#### Input data
════
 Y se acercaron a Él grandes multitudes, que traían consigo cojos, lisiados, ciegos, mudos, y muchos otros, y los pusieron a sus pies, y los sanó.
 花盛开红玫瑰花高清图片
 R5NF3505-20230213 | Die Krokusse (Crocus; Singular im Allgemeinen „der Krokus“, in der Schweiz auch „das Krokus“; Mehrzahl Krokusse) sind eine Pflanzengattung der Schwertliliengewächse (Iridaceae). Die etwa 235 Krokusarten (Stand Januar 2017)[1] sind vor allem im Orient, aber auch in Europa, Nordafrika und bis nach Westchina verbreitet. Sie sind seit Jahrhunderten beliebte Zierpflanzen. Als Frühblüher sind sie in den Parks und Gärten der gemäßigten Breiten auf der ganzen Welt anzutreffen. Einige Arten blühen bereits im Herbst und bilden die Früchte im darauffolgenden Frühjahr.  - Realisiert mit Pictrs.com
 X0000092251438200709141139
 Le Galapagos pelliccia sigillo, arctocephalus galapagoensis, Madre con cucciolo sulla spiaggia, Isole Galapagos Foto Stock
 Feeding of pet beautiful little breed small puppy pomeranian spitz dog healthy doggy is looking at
════
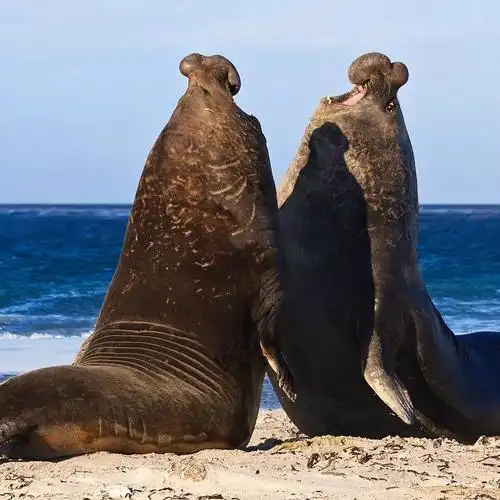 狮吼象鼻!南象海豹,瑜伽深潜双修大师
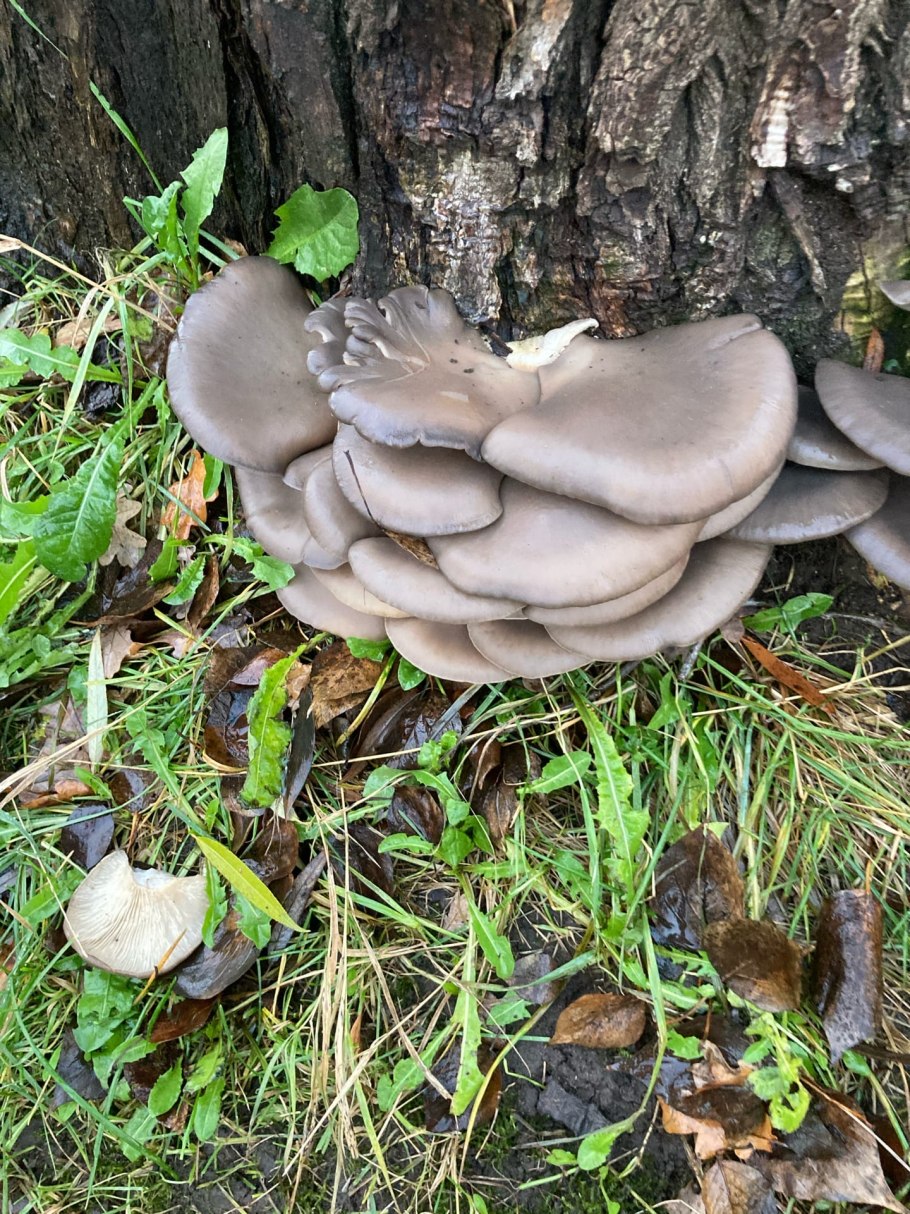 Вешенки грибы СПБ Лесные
════
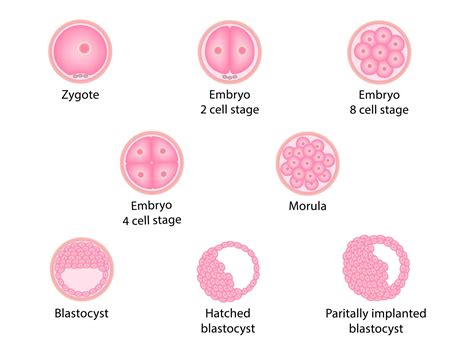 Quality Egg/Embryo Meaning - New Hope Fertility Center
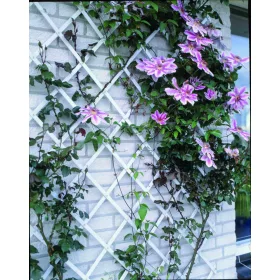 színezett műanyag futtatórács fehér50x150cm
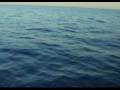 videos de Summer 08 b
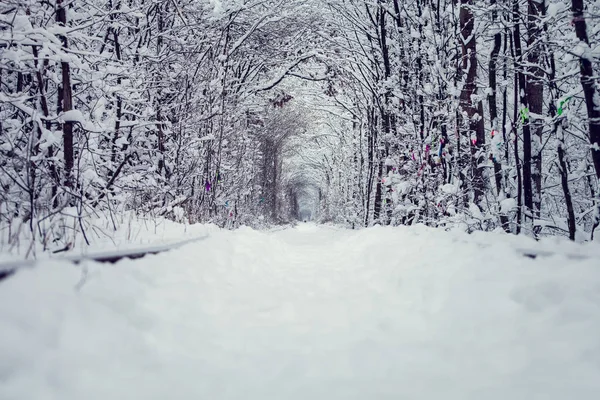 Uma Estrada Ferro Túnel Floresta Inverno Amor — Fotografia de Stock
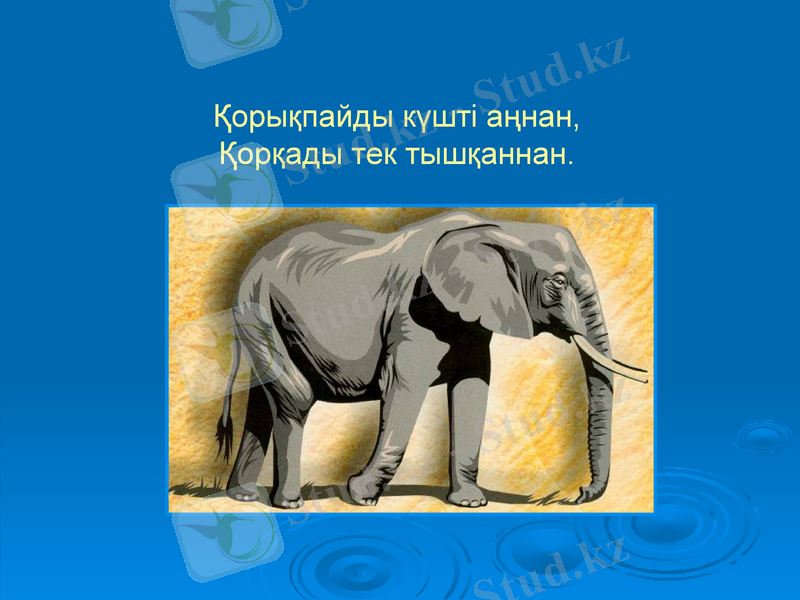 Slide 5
════
Set down, exactly as they stand above, the lines starting with the line with "Y se acercaron" and going on through the line with "花盛开红玫瑰花高清图片", and no others.

#### Solution to this exercise
 Y se acercaron a Él grandes multitudes, que traían consigo cojos, lisiados, ciegos, mudos, y muchos otros, y los pusieron a sus pies, y los sanó.
 花盛开红玫瑰花高清图片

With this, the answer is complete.